◆ Task requirements:
Your reply should consist only of the lines from the one holding "KOBE 8 PROTRO" to the last line of the data below, written out exactly and without pictures.

= = = = =

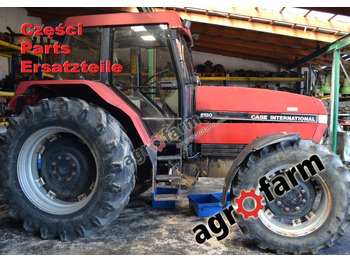 Recambio Case 5130 części, skrzynia biegów, silnik, oś, wał: foto 3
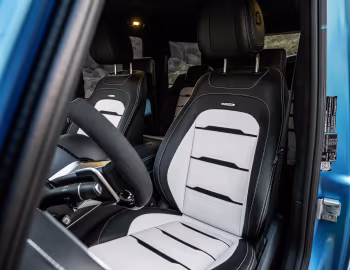 Інтер'єр Mercedes-AMG G 63 Manufaktur [Worldwide] (Br.463) '2024–н.ч.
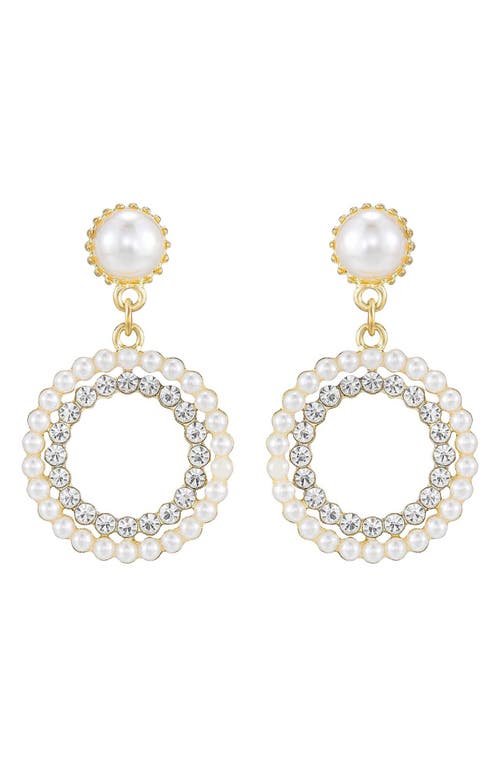 Ettika Ettika Mother May Drop Earrings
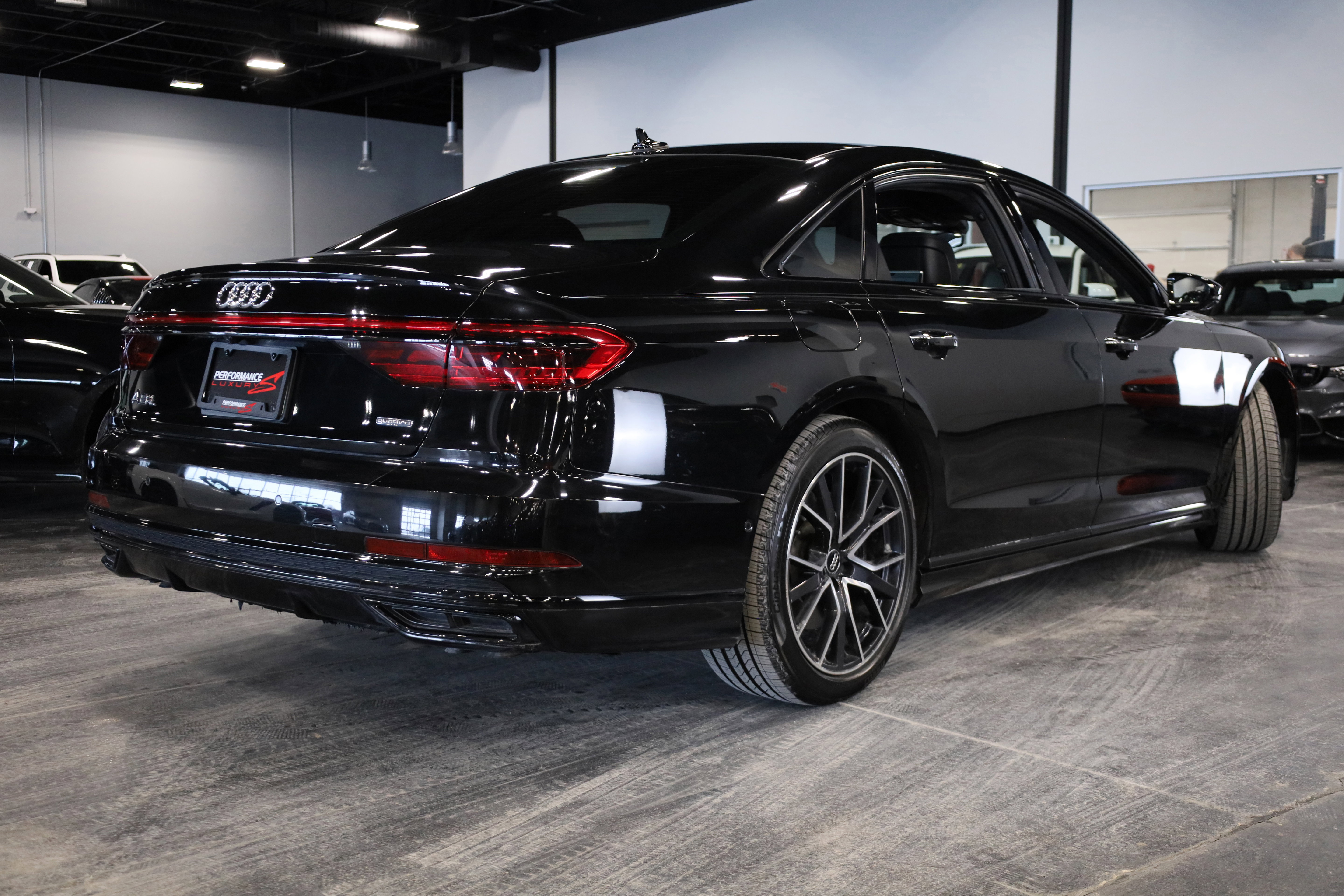 Used 2020 Audi A8 L 4.0T w/ Sport Plus Package image 6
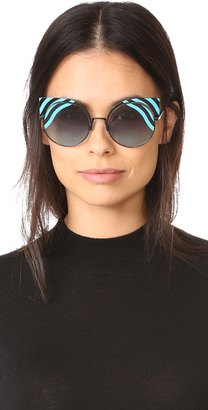 Fendi Hyposhine Sunglasses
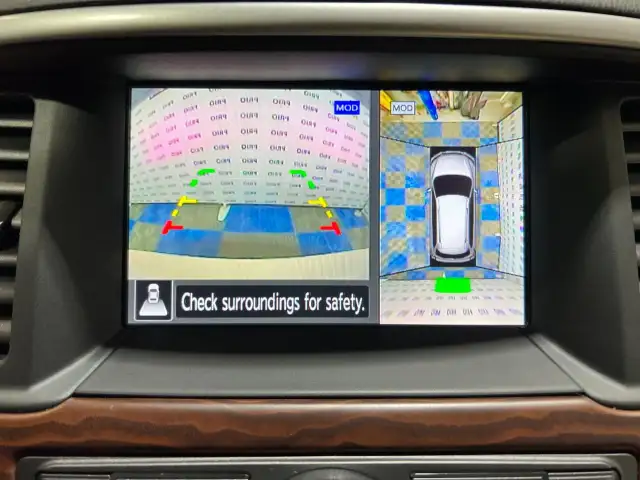 2020 Nissan Pathfinder - Photo 35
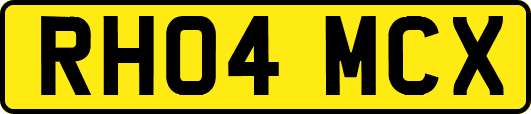 RH04MCX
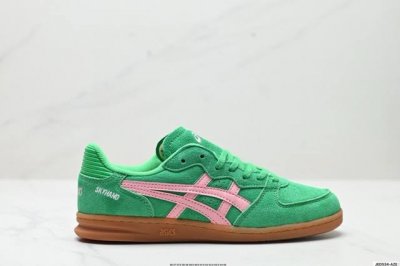 公司级Asics Skyhand Og 复古舒适 防滑耐磨 低帮板鞋 货号: 3A563-400 尺码:36 37 37.5 38 39 39.5 40.5 4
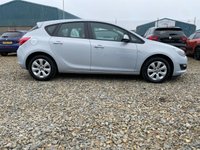 USED 2010 10 VAUXHALL ASTRA 1.6 SXI 5d 114 BHP 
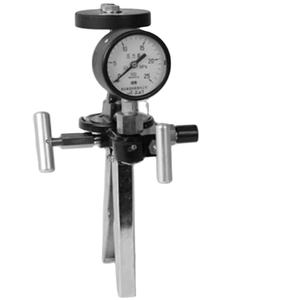 เครื่องสอบเทียบความดันปั๊มถือมือไฮดรอลิก<span class=keywords><strong>4-20ma</strong></span> แบบพกพา - Product Image 2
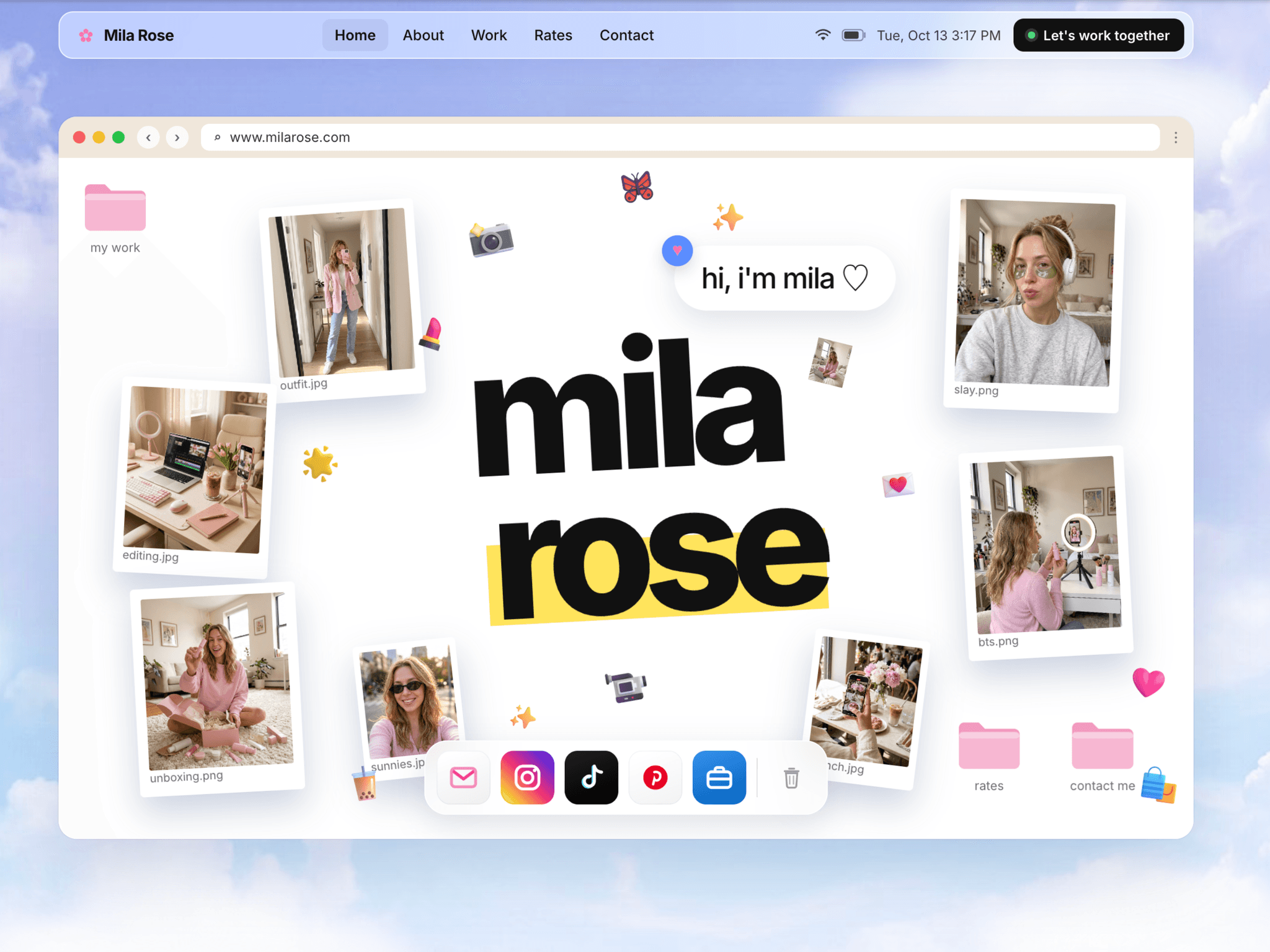 Mila Rose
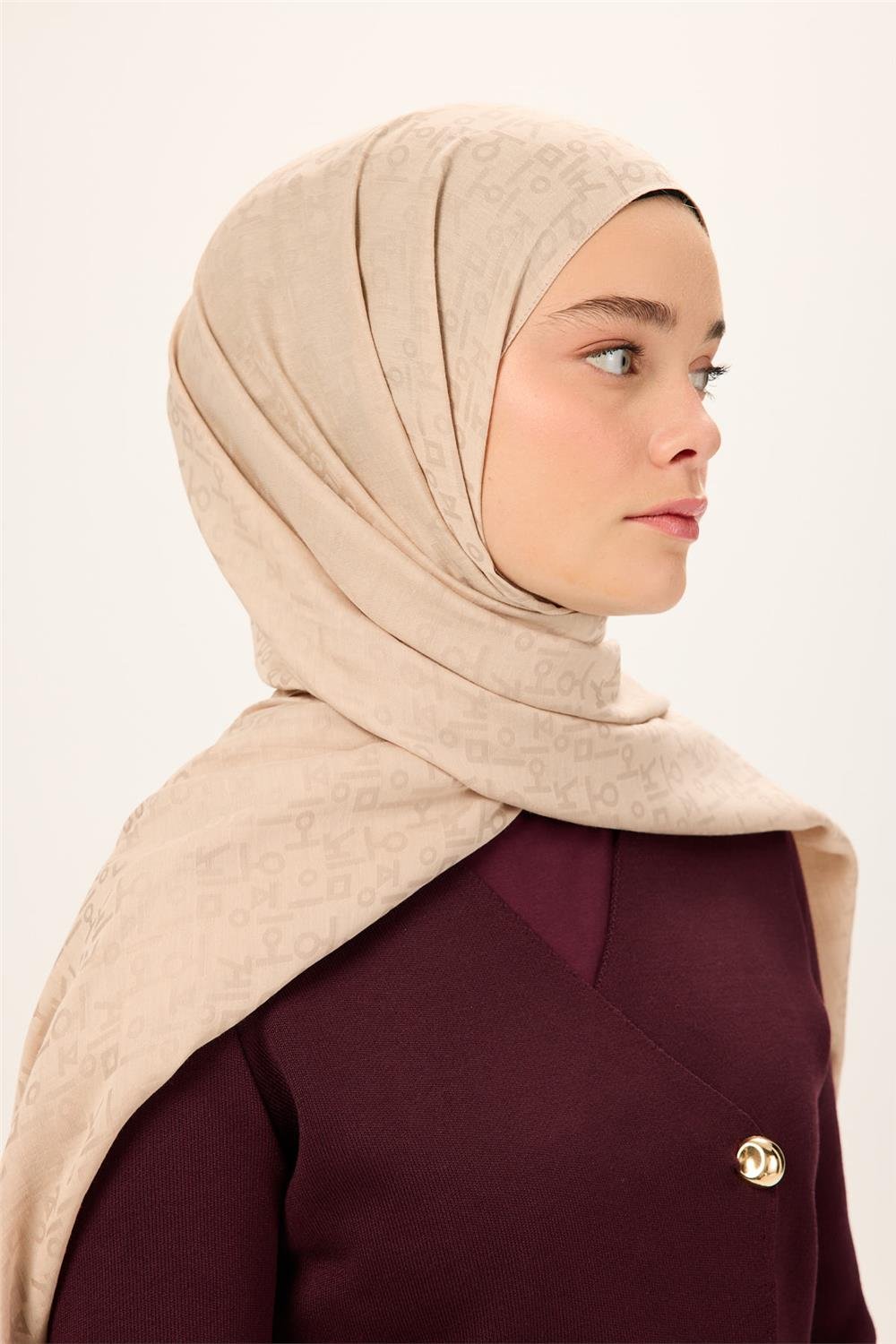 Liva ŞalLiva Şal 481004-10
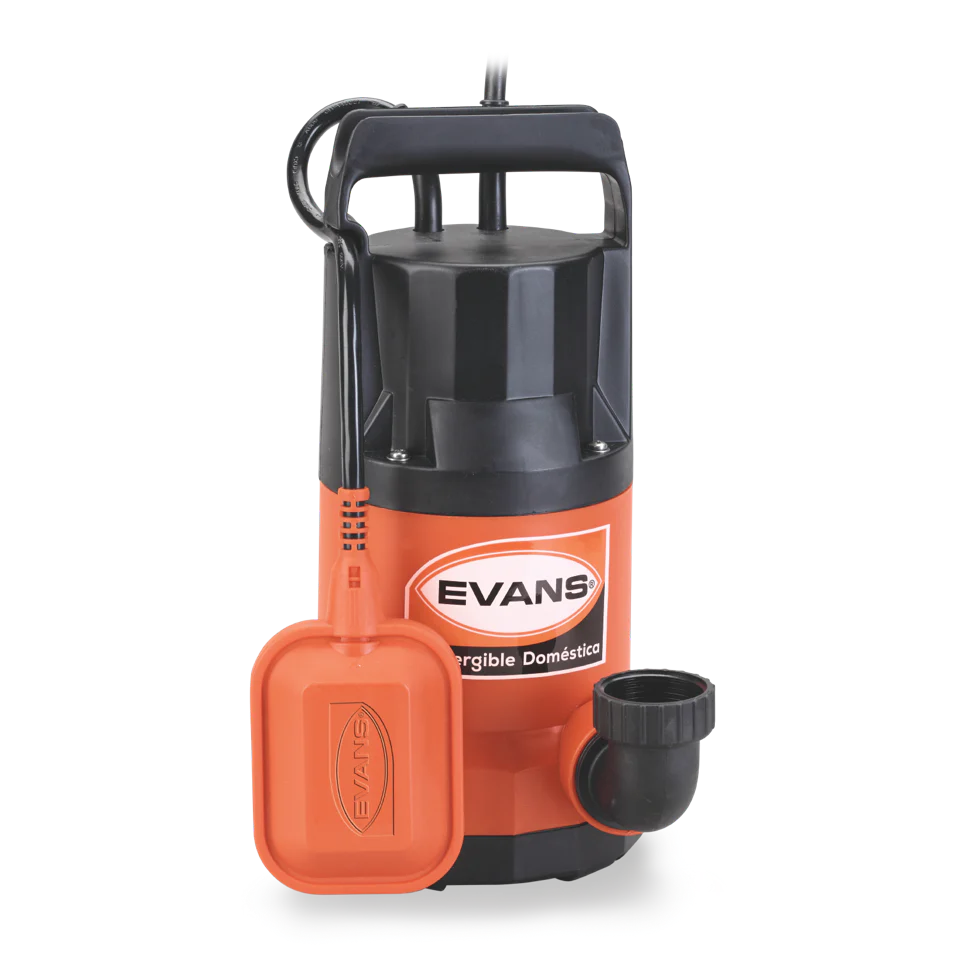 Bomba Sumergible Para Cisterna De 1/2 Hp 110V - 1.5 Hp Pg4736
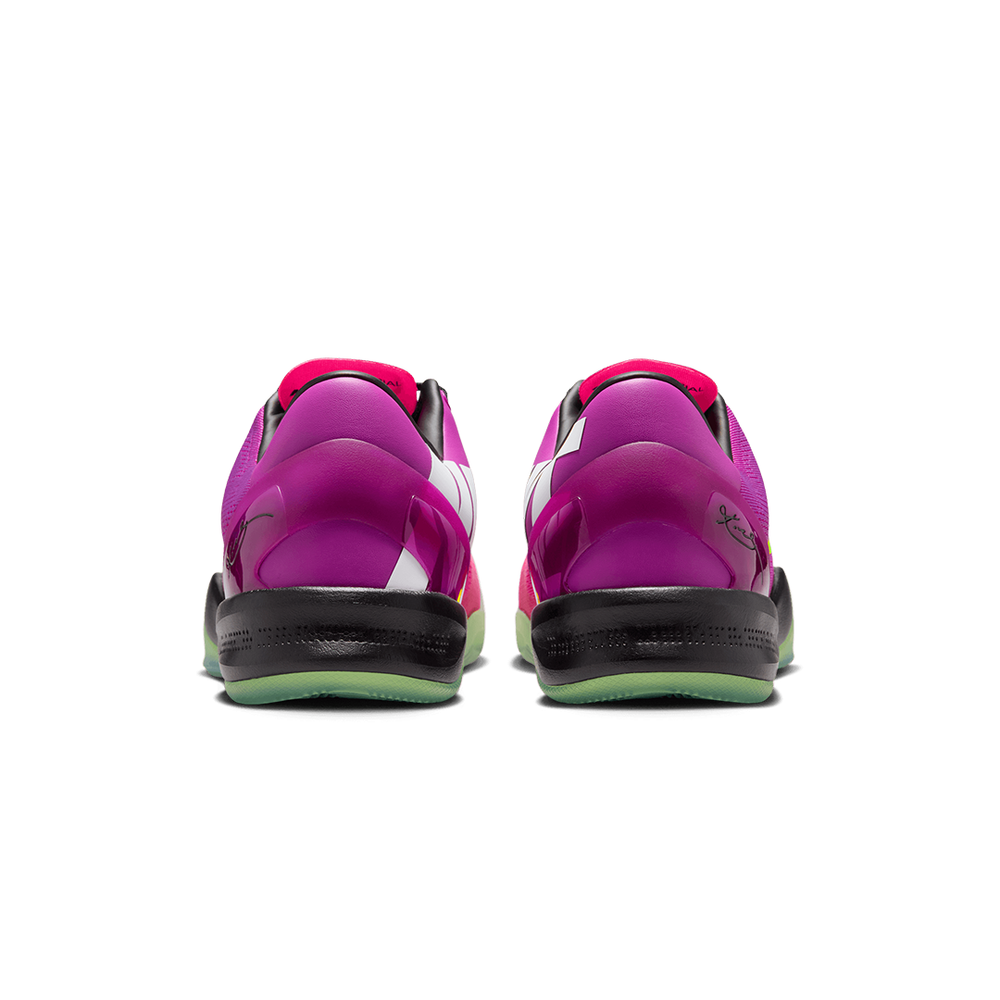 KOBE 8 PROTRO "MAMBACURIAL" RED PLUM / ELECTRIC GREEN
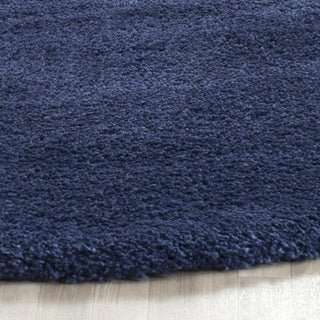 Safavieh Shag SG180 Navy Area Rug 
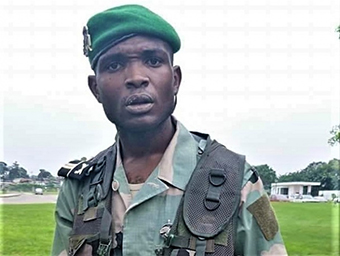 Gabun / Gescheiterter Putsch von 2019: Kelly Ondo Obiang und Mitangeklagte zu 15 Jahren Gefängnis und Ausschluss aus der Armee verurteilt
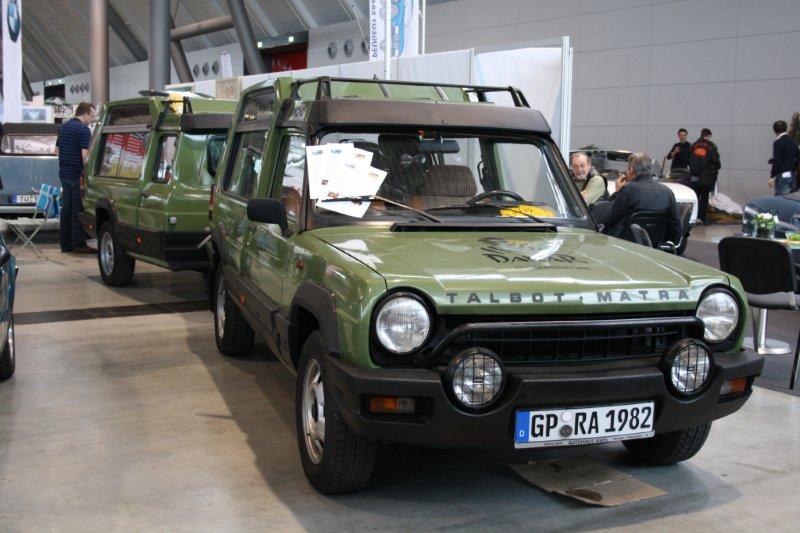 Matra Rancho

= = = = =

◆ Result:
 KOBE 8 PROTRO "MAMBACURIAL" RED PLUM / ELECTRIC GREEN
 Safavieh Shag SG180 Navy Area Rug 
 Gabun / Gescheiterter Putsch von 2019: Kelly Ondo Obiang und Mitangeklagte zu 15 Jahren Gefängnis und Ausschluss aus der Armee verurteilt
 Matra Rancho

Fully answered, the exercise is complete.